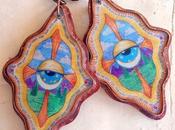 Copper with Resin Cosmic Drawing Earrings Your Omnisc...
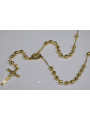 Yellow rose gold rosary chain ★ russiangold.com ★ Gold 585 333 Low price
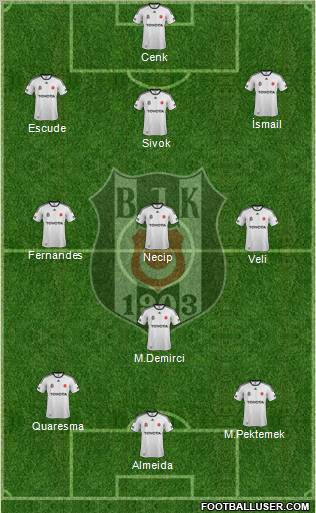 Besiktas JK Formation 2012
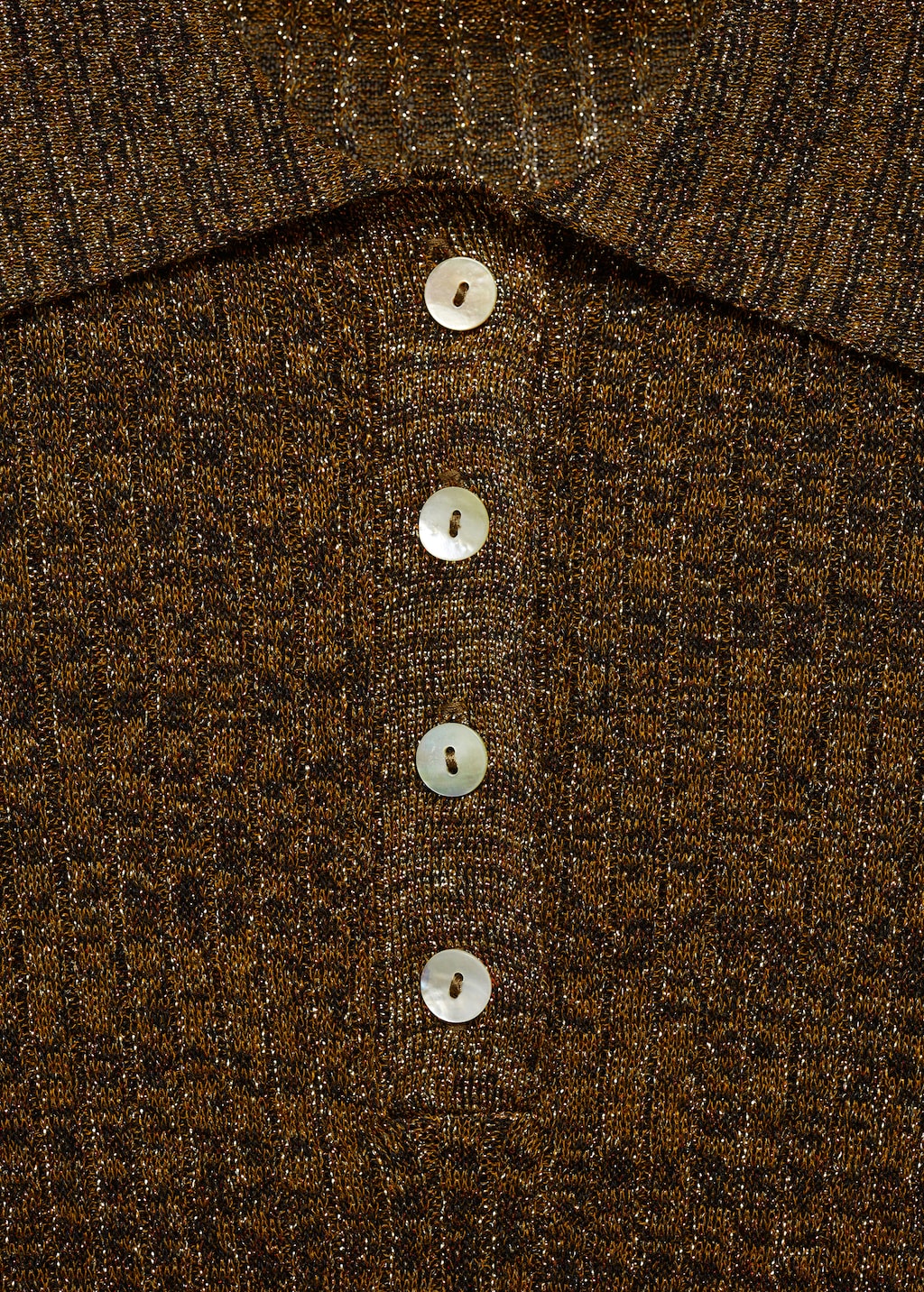 Lurex polo neck sweater - Details of the article 8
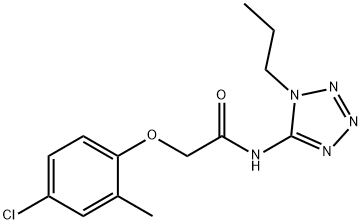 2-(4-chloro-2-methylphenoxy)-N-(1-propyl-1H-tetraazol-5-yl)acetamide Struktur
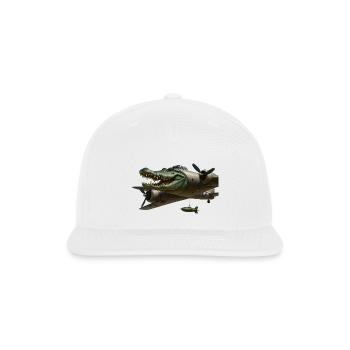Crocodile Bomber Surreal - Snapback Baseball Cap - white - Front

## WHAT TO PRODUCE
Word for word, give again the lines from the line with "Lurex polo neck" through the end of the records above, with both ends included and the pictures left out.

## ANSWER TO THIS EXERCISE
 Lurex polo neck sweater - Details of the article 8
 2-(4-chloro-2-methylphenoxy)-N-(1-propyl-1H-tetraazol-5-yl)acetamide Struktur
Crocodile Bomber Surreal - Snapback Baseball Cap - white - Front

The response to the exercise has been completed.